Neanche a dirlo, Toborogo fu acclamato da tutti re di quel paese fantastico e fu condotto nella casa più sontuosa. Gruppi di servitori lo trasportavano di qua e di là, lo rifornivano di cibi succulenti, di vestiti preziosi e di ogni altra cosa egli potesse desiderare. In men che non si dica Toborogo aveva dimenticato la sua misera vita di prima.
Purtroppo però scordò anche qualcos’altro. Infatti quando i suoi sudditi lo conducevano a spalla attraverso il suo regno, egli passò e ripassò più volte sul luogo dove aveva sentito la voce del genio. Ma non fece più caso a ciò che aveva promesso. E quando un anno fu passato lui non portò affatto al genio l’olio di palma e nemmeno i fagioli. Neanche quando fu trascorso un secondo anno il re boscaiolo tenne fede agli impegni presi.
Ecco che una sera, dopo una grande festa, il re si avventurò tutto solo per il sentiero, con l’intenzione, facendo quattro passi, di digerire meglio la cena. Il silenzio della foresta fu rotto all’improvviso da un richiamo. Ed il tono non annunciava nulla di buono.
– Toborogo! Toborogo! – urlava la voce.
– Chi sei? Chi mi cerca? – diceva il re guardandosi intorno spaesato.
– Sono quello che da due anni sta aspettando un po’ d’olio di palma ed i fagioli che tu hai promesso!
A questo punto fu tutto chiaro. Era il genio della foresta. Toborogo, che ora aveva recuperato la memoria, abbassò la testa. Nel farlo vide che sul sentiero c’erano cinque uova rotte e restò come paralizzato.
Il primo uovo si ricompose e quando fu chiuso gli animali domestici, la selvaggina, gli uccelli… tutto era scomparso. Il secondo uovo recuperò la forma originaria e in quel mentre i fiumi ed i torrenti si seccarono. Il terzo uovo inghiottì tutta la popolazione che aveva vissuto nelle abitazioni lungo le strade. Come si ricompose il quarto, quelle case meravigliose crollarono su se stesse facendo un gran baccano, si sbriciolarono e tornarono ad essere terra arida. Col chiudersi del quinto uovo il campo coltivato ridivenne una boscaglia incolta e selvaggia. Ora il genio disse al boscaiolo:
– Io ti ho colmato di beni, ma tu non hai saputo essere riconoscente. Non ti sarebbe costato nulla. Riprendi dunque la tua ascia che avevi deposto due anni fa e guadagnati da vivere col tuo lavoro.

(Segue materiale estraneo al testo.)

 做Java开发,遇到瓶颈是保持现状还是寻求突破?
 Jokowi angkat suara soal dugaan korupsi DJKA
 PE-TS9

Fu così che per non essere stato capace di dire nemmeno “grazie”, Toborogo si ritrovò più povero e sfortunato di prima.
Il mio racconto se ne va pure lui, rotola via e si perde tra i cespugli della boscaglia.

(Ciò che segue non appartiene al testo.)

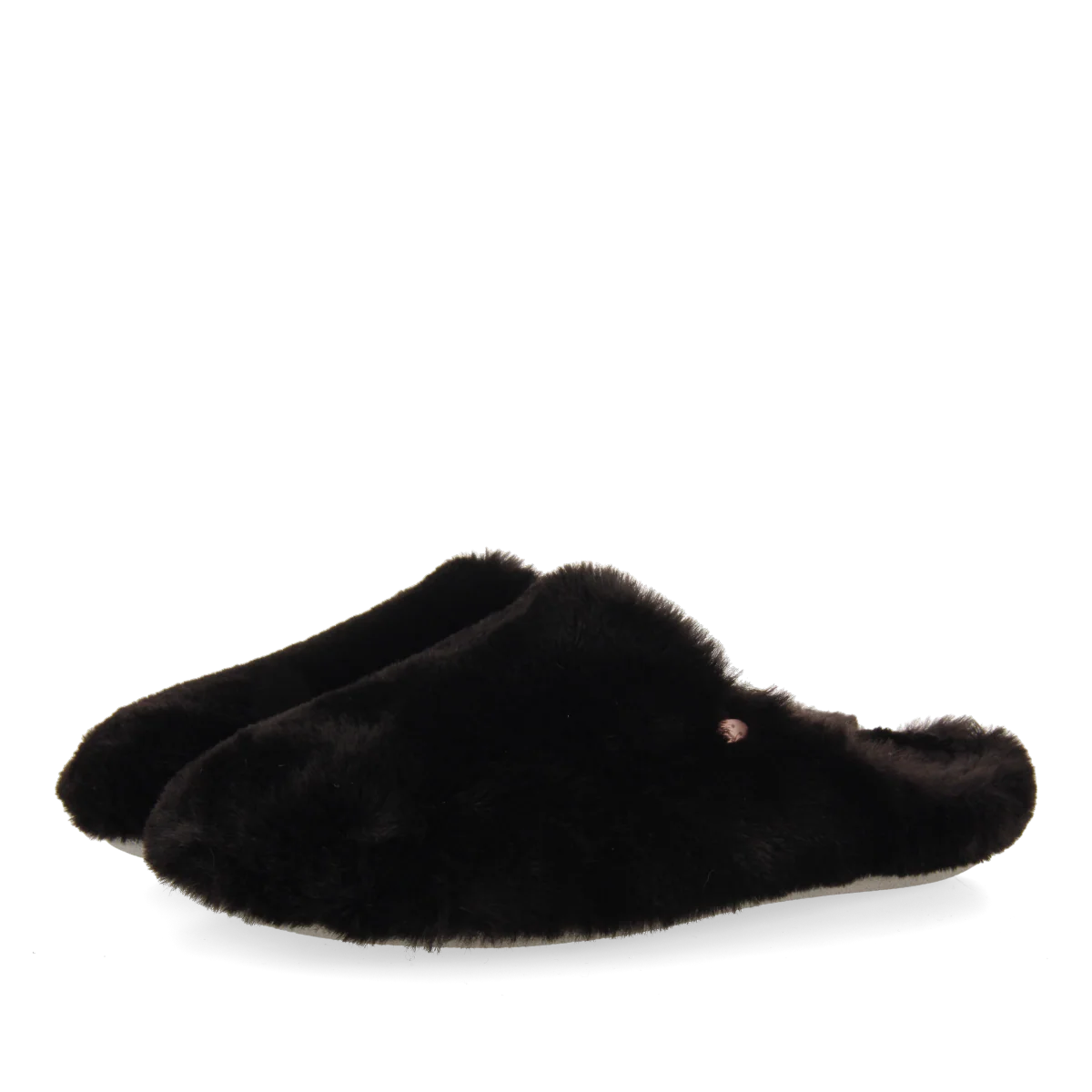 Recycled fleece house slippers "Oberdorf" - Image 2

(Questa favola è stata poi pubblicata nel libro: Paolo Valente, Racconti del vento, ed. San Paolo, Milano 2007)

La palma da olio
La palma da olio è originaria dell’Africa ma si trova anche in Asia ed in America. È alta fino a 30 metri. Produce dei frutti sferici che crescono a grappoli: hanno un nocciolo duro e una polpa morbida da cui si ricava un olio rosso, molto usato per l’alimentazione.